This weekend, a number of college students will be moving into their dorms, and many for the first time. As a parent, I know how hectic that can be...elevators that don't work, long lines of cars unpacking, not enough extension cords. Well, help is on the way.

Here are some helpfulf tips if you're a parent of students who you'll be helping move into the dorm this weekend or next. According to collegeparents.org:

"Move-In Day Arrives – Getting In

 Be early. Whatever time you are told to arrive for move-in, try to be on time or just a bit early. As the day progresses, parking becomes more difficult and lines become longer.

Be prepared for a chaotic and confusing day. No matter how conscientiously the college prepares for an organized move in day, it will be confusing and exhausting. Be prepared. Be flexible. Be patient.

Be prepared for high tensions. This is a difficult day for everyone. Try to be patient with one another.

Your student will need to do multiple things in addition to physically moving his belongings into his room.

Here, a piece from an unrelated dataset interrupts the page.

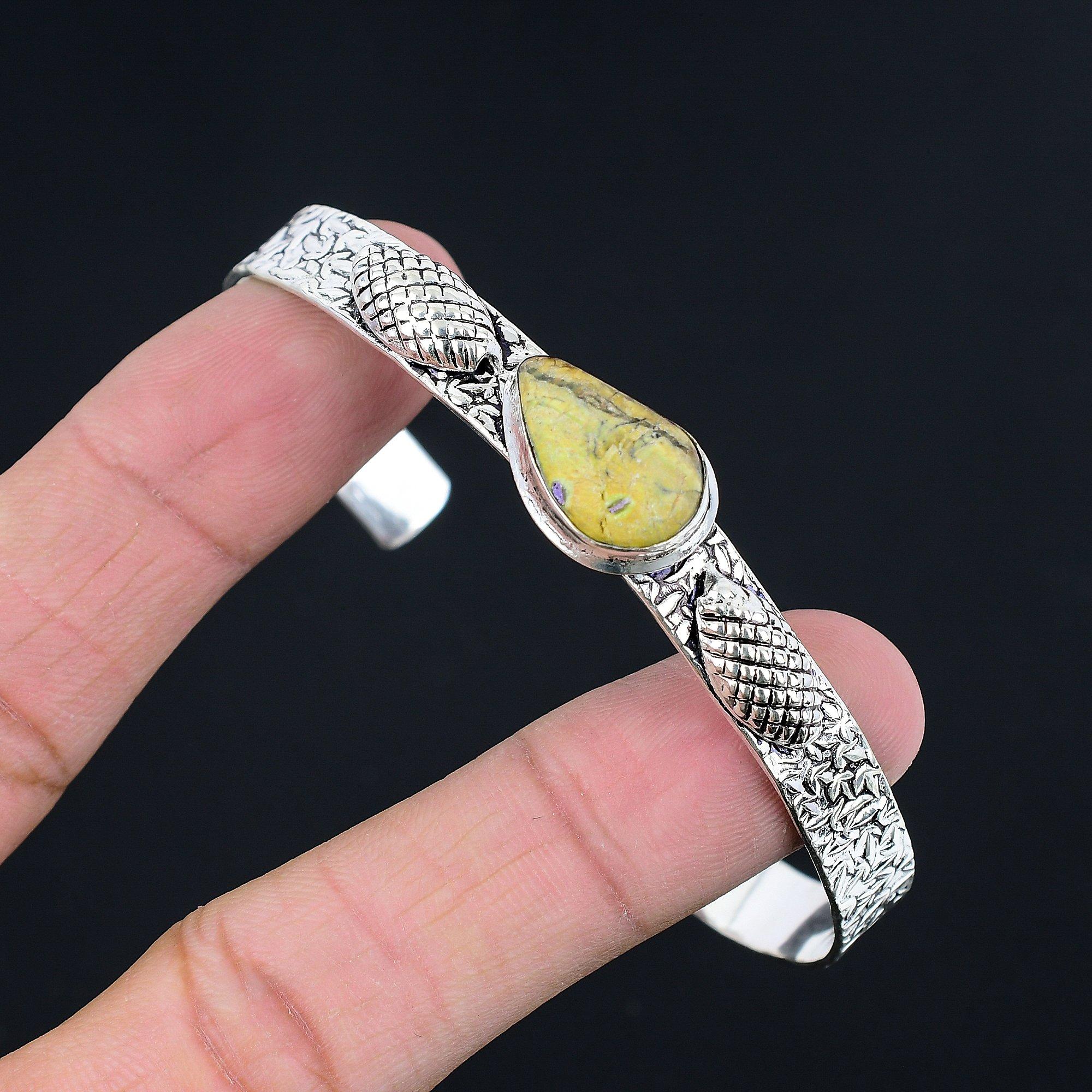 Halloween Deal Sterling Silver Atlantisite Stone Daughter Artisan Wedding Bangle Adjustable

He may need to check in, pick up keys, have ID pictures taken, fill out paperwork, turn in forms, buy textbooks, set up his computer.

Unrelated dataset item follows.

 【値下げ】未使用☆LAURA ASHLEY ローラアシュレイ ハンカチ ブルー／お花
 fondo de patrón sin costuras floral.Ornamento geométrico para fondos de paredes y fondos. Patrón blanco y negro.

Ask students or staff members what the procedure is. They may have carts or bins available for moving things. They may ask you to pull up and unload your car onto the lawn and then park somewhere else. They may even have an army of students available to help unload and carry things.

Let your student take the lead in dealing with issues and questions. If he needs to check in and pick up keys, stay in the background and let him do the talking. If a question arises, let him find his Residence Assistant to get the answer.

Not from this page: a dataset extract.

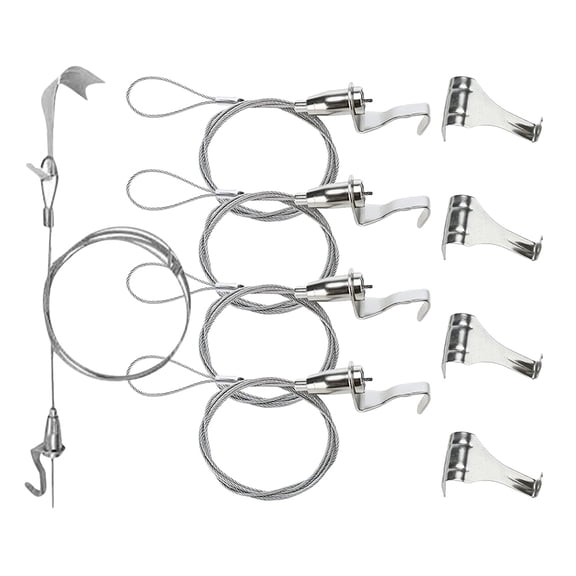 UPGRATOR 5Sets Steel Wire Picture Rail Hanging System with Adjustable Length for Wall Protection and Stability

Encourage your student to do anything involving lines first. If he needs to check in or get a picture taken or go to the bookstore, do that before unpacking. Lines get longer as the day progresses.

Delegate anything that your student doesn’t actually need to do. Does he need an ethernet cord or extension cord from the bookstore? Anyone can buy that.

After Move-In – Leave taking

Be prepared for some awkwardness. Don’t put too much pressure on this moment by giving a last lecture or expecting your student to react in any particular way.

Don’t plan on taking your student out to dinner.  Once students have moved in, they will need to begin to make connections with their new roommates and dorm mates. Sharing a common meal – in the dining hall or by going out together is a great time for them to make those connections.

Don’t linger. Many colleges actually have a “farewell” ceremony of sorts to help define the moment of leaving.

Remember that your student may be dismissive and seem nonchalant about your leaving. This may be his method of dealing with his emotions, it doesn’t necessarily mean that he doesn’t care.

Be patient with yourself and your student. It’s an exciting – and an emotional – time for everyone."

I remember the little speech we gave our kids on their first day of pre-school or kindergarten: "It'll be fun, you'll meet new friends, you'll get used to it, what a nice school this is...etc...". These are basically the same things we said to our kids on their first day at college.